Exercise Parameters matter with DATEDIFF How many times, in terms of days, weeks, and months, are the datepart boundaries crossed between the dates 2/26/2018 and 3/3/2018?

answer: 5 days, 0 weeks, 1 month. now you understand the assumption sql server take to evaluate datediff

find the fist day of the current month

select dateadd(month, datediff(month, 0, GETDATE()), 0)

User defined functions

-- Scalar function with no input parameters
CREATE FUNCTION GetTomorrow()
  RETURNS date AS BEGIN
RETURN (SELECT DATEADD(day, 1, GETDATE()))
END

-- Scalar function with one Parameter
-- return numeric value, which is the sum of all trips equal to PickupDate
CREATE FUNCTION GetRideHrsOneDay(@DateParm date)
RETURNS numeric as begin
return (SELECT
  SUM(DATEDIFF(second, PickupDate, DropoffDate) / 360) from yellowTripData WHERE CONVERT(date, PickupDate) = @DatePam

) END;
-- Create GetYesterday()
CREATE function GetYesterday()
-- Specify return data type
returns date
AS
BEGIN
-- Calculate yesterday's date value
return( SELECT dateadd(day, -1, Getdate()))
END
-- Create SumRideHrsSingleDay
CREATE FUNCTION SumRideHrsSingleDay (@DateParm date)
-- Specify return data type
RETURNS numeric
AS
-- Begin
BEGIN
RETURN
-- Add the difference between StartDate and EndDate
(SELECT SUM(DATEDIFF(second, StartDate, EndDate))/3600
FROM CapitalBikeShare
 -- Only include transactions where StartDate = @DateParm
WHERE CAST(StartDate AS date) = @DateParm)
-- End
END
-- Create the function
CREATE FUNCTION SumRideHrsDateRange (@StartDateParm datetime, @EndDateParm datetime)
-- Specify return data type
RETURNS numeric
AS
BEGIN
RETURN
-- Sum the difference between StartDate and EndDate
(SELECT SUM(DATEDIFF(second, StartDate, EndDate))/3600
FROM CapitalBikeShare
-- Include only the relevant transactions
WHERE StartDate > @StartDateParm and StartDate < @EndDateParm)
END

Table Valued UDF

there are two types: 1- Inline table valued functions (ITVF)

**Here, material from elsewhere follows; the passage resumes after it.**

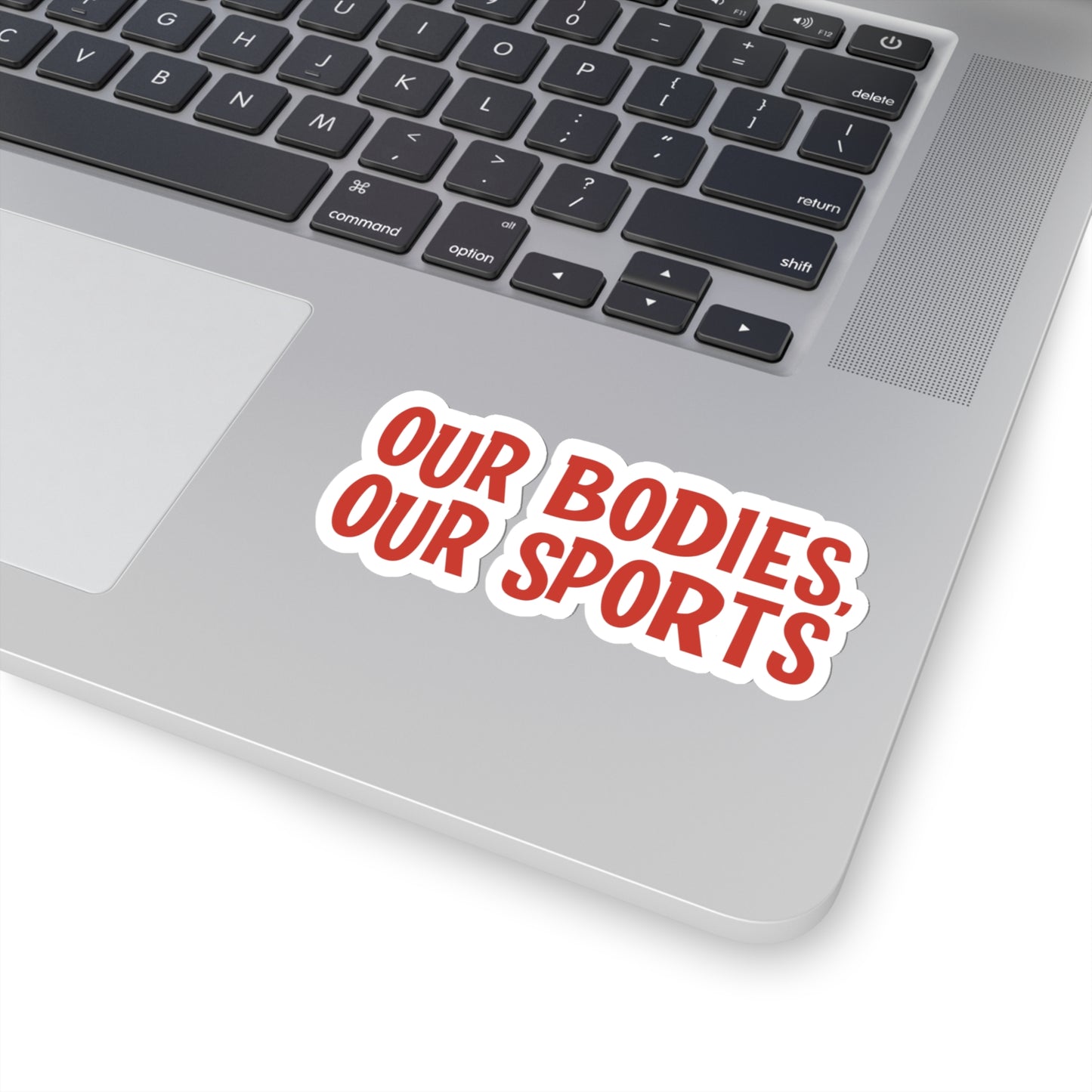 Our Bodies, Our Sports | Sticker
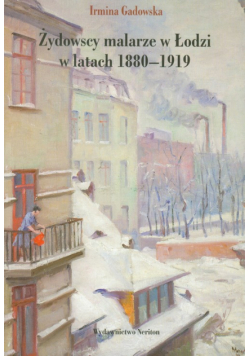 Żydowscy malarze w Łodzi w latach 1880-1919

create function SumLoationStats(
  @StartDate As datetime = '1/1/2017'
) RETURNS Table as return
select PUlocaation as PickupLocation,
 Count(id) as RideCount,
 SUM(TRIPDistance) AS TotalTripDistance
 from YellowTriData
 WHERE PUlocationID;

2-Multi statement table function (MSTFV)

create function CountTripAvgFareDay(
  @Month char(2),
  @Year char(4)
) RETURNS @TripCountAvgFare Table(
  DropOffDate date, TripCount int, AvgFare numeric
) AS BEGIN INSRT INTO @TripCountAVGFare
SELECT
  CAST(DropOffDate as date),
  COUNT(ID),
  AVG(FareAmount) as AVGFAreAmt
FROM YellowTripDate
WHERE
 DATEPART(month, DropOffDate) = @Month
 AND DatePART(year, DropOffDate) = @Year
 Group by CAST(DropOffDate as data)
 returns END
;

exercises

-- Create the function
CREATE FUNCTION SumStationStats(@StartDate AS datetime)
-- Specify return data type
RETURNS TABLE
AS
RETURN
SELECT
 StartStation,
    -- Use COUNT() to select RideCount
 COUNT(ID) as RideCount,
    -- Use SUM() to calculate TotalDuration
    SUM(DURATION) as TotalDuration
FROM CapitalBikeShare
WHERE CAST(StartDate as Date) = @StartDate
-- Group by StartStation
GROUP BY StartStation;
-- Create the function
CREATE FUNCTION CountTripAvgDuration (@Month CHAR(2), @Year CHAR(4))
-- Specify return variable
RETURNS @DailyTripStats TABLE(
 TripDate date,
 TripCount int,
 AvgDuration numeric)
AS
BEGIN
-- Insert query results into @DailyTripStats
INSERT @DailyTripStats
SELECT
    -- Cast StartDate as a date
 CAST(StartDate AS date),
    COUNT(ID),
    AVG(Duration)
FROM CapitalBikeShare
WHERE
 DATEPART(month, StartDate) = @Month AND
    DATEPART(year, StartDate) = @Year
-- Group by StartDate as a date
GROUP BY CAST(StartDate AS date)
-- Return
RETURN
END

UDF in action: executing the UDF

SELECT dbo.GetTomorrow()

the schema must be specified when creating and executing the function if we don't specifiy the schema upon creation, the sql server will by default assign to to the user defulat scehama

DECLARE @TotalRideHrs as numberic
EXEC @TotalRideHrs = dbo.GetRideHrsOneDay @DateParm = '1/15/2017'
SELECT
  'Toal Ride Hours for 1/15/2017:',
  @TotalRideHrs

exec is used to execute the function and assign the function to the local variable called @TotalRideHrs

EXecuting scalar UDF

-- Declare parameter variable
-- set to oldest date in YellowTripData
-- Pass to function with select
Declare @DateParm as date = (SELECT TOP 1 CONVERT(date, PickupDate) FROM YellowTripDate ORDER BY PickupDate DESC)
SELECT @DateParm, dbo.GetRideHrsOneDay (@DateParm)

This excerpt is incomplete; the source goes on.